和田 大諷

東京葛飾区金町在住

佛画・書・刻字・篆刻を制作

20数回の個展を都内、ひたちなか、ロスアンゼルス、サンクトペテルブルグで開く。過去の個展は展示会の項目をご覧ください。

 

次回鳩居堂での個展は2019年4月2日(火)から7日(日)の予定です。

 テーマのひとつが「紫式部日記」を紺紙銀泥の巻子にまとめたもので、これまでの文字より半分の細字にして上・下を一巻に纏めることが出来た。

なお 恒例の東大名誉教授大場 秀章先生の講演内容も「紫式部日記」と植物がテーマとなります。

 

著作 2014年2月

    「大諷の映画狂時代」

   2018年1月「大諷のへそ曲り

     読書日記」

 

ボクシングは若い頃からのファンにして、頭の中に過去の試合やボクサーの名前が詰まっている。

毎週月曜日のTV観戦記の記事は公平な目での厳しい批評が面白い。世界戦代表的試合は殆ど欠かさずアップしています。

 

 

「 休戦 」(プリーモ・レーヴィ作)を読んで

レーヴィは1944年2月から45年1月までアウシュヴィッツ抹殺収容所に入れられ、強制労働をさせられた。
レーヴィは生き残ってロシア軍に救出された。人間の肉体だけでなく魂までも破壊された人々はロシア軍に解放されたが、その救いの主にかけ寄ったり、祈りに没頭する者は誰一人としていなかった。

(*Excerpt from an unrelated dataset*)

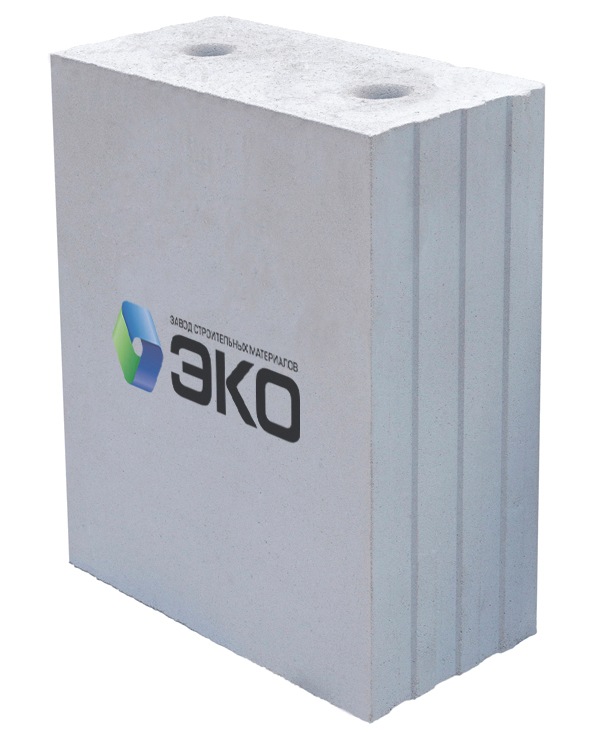 Крупноформатный силикатный блок 498x250x498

たゞ死体の折り重なる穴の脇に立ちつくしていたのである。

 

アウシュヴィッツの一部ブナニ・モノヴィッツのラーゲルの病室にはドイツ軍によって放置された800人の囚人が残されたが、ロシア軍の到着する前に500人が病気と飢えと寒さで死に、200人が治療

を受けたにも拘らずロシア軍到着の直後に死亡している。

レーヴィが生き残って普通の世界に戻れたのは、物事に対する旺盛な好奇心と科学者であったこと、そして解放軍がアメリカ軍の機能的で、衛生的で、システム化された保護でなく、大陸的でおおらかさと無秩序ときまぐれで、人間味溢れたロシア軍であった事がレーヴィの復活にとって決定的であった。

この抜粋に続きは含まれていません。